This week, the Islamic Foundation, a government-backed religious group that employs tens of thousands of Muslim Imams, called for a “grand rally” on October 31 to denounce Yunus as an enemy of the Muslim faith.
The perceived crime of the 73-year-old was to sign a joint statement along with three other Nobel laureates in April 2012 criticising the prosecution of gay people in Uganda.
Yunus has been denounced in Bangladesh, which is 90 percent Muslim, as “an accomplice of Jews and Christians," The Times reported.
Homosexuality is a crime punishable by a maximum life term but prosecutions are rare.

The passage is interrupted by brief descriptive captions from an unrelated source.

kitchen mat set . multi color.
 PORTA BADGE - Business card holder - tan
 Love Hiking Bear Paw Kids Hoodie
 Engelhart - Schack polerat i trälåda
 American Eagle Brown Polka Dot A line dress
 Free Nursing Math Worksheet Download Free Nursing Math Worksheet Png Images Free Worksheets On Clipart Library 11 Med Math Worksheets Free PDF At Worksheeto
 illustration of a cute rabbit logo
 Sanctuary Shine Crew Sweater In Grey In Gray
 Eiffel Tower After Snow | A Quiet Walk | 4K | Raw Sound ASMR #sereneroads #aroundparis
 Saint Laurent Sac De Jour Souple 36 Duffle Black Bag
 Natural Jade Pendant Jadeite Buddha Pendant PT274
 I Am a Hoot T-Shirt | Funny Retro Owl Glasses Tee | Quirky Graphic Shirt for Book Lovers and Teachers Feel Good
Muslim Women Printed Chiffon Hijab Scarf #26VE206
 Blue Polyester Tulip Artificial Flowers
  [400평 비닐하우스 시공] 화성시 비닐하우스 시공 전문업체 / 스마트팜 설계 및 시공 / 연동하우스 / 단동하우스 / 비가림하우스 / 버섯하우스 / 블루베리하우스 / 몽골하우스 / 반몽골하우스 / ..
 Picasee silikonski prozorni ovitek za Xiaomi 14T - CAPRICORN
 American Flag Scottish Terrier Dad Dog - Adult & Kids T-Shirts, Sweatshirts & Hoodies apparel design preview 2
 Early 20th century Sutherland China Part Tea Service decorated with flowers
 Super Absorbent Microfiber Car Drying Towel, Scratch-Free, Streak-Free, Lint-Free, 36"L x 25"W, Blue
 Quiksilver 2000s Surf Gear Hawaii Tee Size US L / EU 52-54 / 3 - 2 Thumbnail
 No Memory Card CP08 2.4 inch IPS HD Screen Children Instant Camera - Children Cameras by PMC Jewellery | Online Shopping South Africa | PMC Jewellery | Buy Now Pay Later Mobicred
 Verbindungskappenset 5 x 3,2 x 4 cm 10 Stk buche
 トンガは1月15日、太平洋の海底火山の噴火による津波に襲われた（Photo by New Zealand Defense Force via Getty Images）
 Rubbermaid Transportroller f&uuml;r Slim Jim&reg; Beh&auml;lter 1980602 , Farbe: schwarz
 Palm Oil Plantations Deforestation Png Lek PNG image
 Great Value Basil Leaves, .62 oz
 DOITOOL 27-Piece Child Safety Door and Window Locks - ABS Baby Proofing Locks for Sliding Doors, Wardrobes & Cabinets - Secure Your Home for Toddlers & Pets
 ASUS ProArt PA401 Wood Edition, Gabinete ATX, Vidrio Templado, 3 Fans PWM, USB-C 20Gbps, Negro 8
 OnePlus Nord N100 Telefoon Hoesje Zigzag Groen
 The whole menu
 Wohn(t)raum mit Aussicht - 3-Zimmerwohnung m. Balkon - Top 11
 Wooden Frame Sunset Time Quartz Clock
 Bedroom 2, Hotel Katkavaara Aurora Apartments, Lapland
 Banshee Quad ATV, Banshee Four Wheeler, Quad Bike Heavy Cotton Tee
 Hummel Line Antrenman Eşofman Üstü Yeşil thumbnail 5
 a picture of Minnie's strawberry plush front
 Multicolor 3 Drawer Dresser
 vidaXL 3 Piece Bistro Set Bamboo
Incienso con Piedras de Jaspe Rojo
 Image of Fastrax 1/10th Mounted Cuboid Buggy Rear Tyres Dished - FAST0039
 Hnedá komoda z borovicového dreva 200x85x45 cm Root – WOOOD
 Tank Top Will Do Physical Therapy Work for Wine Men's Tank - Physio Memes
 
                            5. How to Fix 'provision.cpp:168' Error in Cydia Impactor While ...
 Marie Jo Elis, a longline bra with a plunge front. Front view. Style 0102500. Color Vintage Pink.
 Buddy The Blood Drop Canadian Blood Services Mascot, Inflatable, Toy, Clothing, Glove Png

"How can a state-run organisation run a campaign of criminal intimidation? It'll instigate violence against professor Yunus," Sara Hossain, a top lawyer and rights activist, warned in an interview with AFP.
The Islamic Foundation is part of the Ministry of Religious Affairs with a mandate to promote Islam.
Director General Shamim Mohammad Afzal told AFP that it was his "moral responsibility" as a Muslim and head of the organisation to take a stand against the man nicknamed the "banker to the poor".
In speeches to clerics all over the country, Afzal has told them of their religious duty to protest Yunus's stand on homosexuality.
"Yunus has become an apostate for supporting homosexuality. He must publicly apologise, or we'll force him to leave the country like Taslima Nasreen," Maolana Moniruzzaman Rabbani, an organiser of anti-Yunus campaign, told the news agency.